◆ PROVIDED INFORMATION
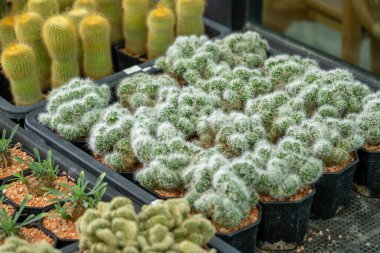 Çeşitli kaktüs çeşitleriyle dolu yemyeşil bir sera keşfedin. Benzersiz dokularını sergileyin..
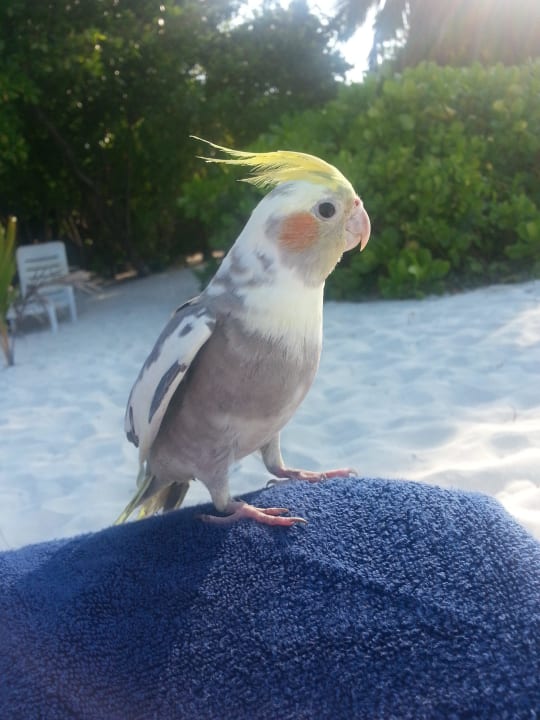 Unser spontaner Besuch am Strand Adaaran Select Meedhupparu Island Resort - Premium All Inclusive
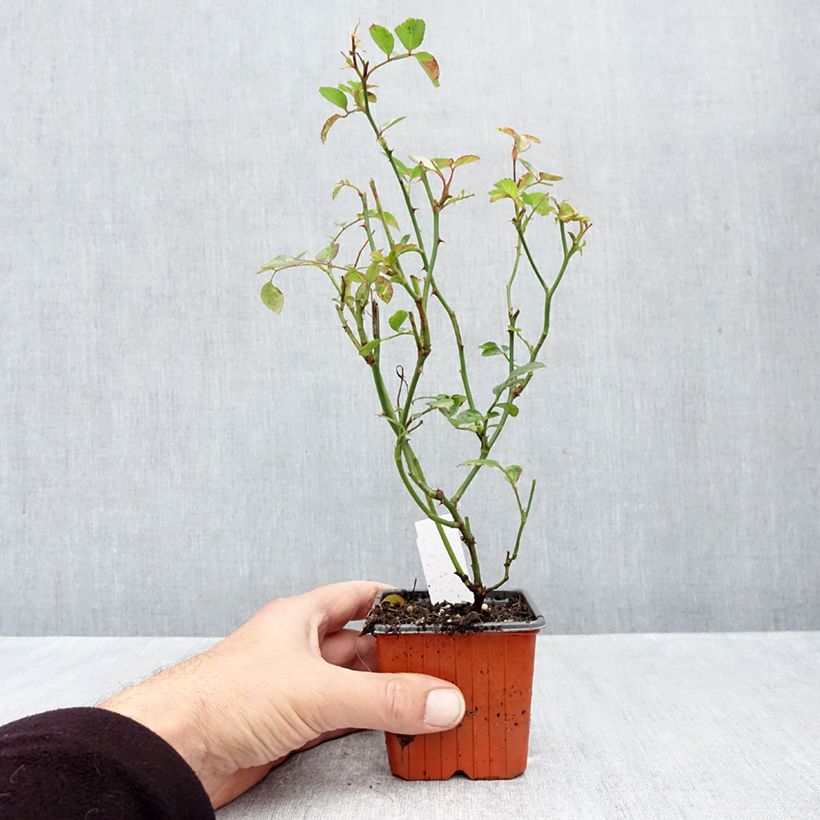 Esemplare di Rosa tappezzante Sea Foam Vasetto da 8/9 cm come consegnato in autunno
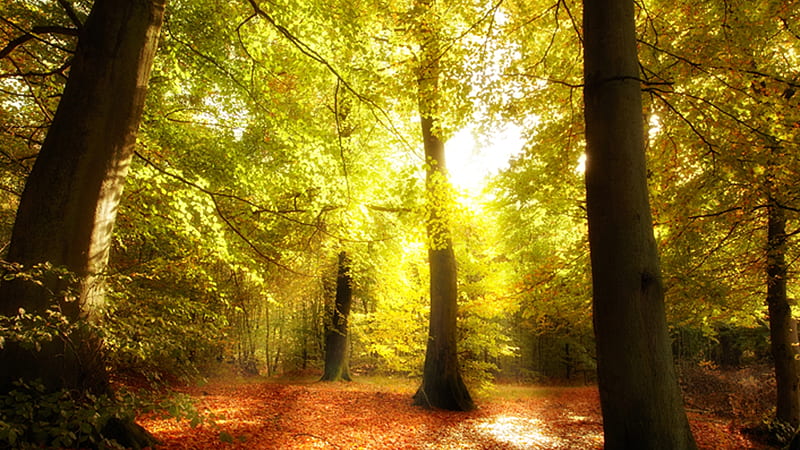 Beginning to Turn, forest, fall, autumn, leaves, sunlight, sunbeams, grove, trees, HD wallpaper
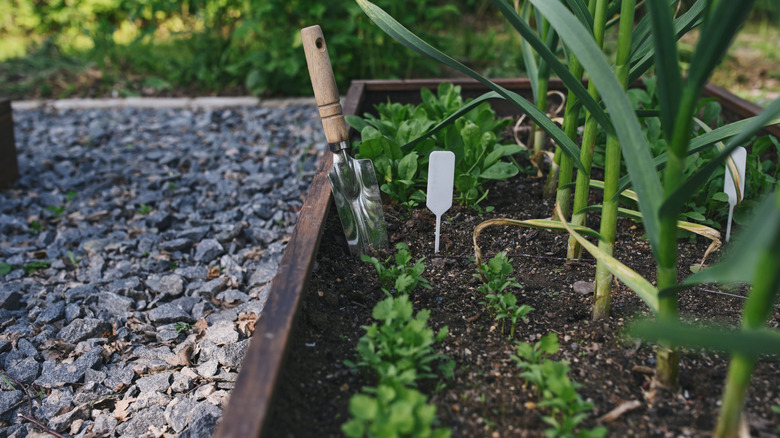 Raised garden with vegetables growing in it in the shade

◆ REQUIRED ACTION
Give back an exact copy of only the lines from the one with "Unser spontaner Besuch" through the final line of the material, both included. Pictures do not belong in it.

◆ SOLUTION TO THE PROBLEM
 Unser spontaner Besuch am Strand Adaaran Select Meedhupparu Island Resort - Premium All Inclusive
 Esemplare di Rosa tappezzante Sea Foam Vasetto da 8/9 cm come consegnato in autunno
 Beginning to Turn, forest, fall, autumn, leaves, sunlight, sunbeams, grove, trees, HD wallpaper
 Raised garden with vegetables growing in it in the shade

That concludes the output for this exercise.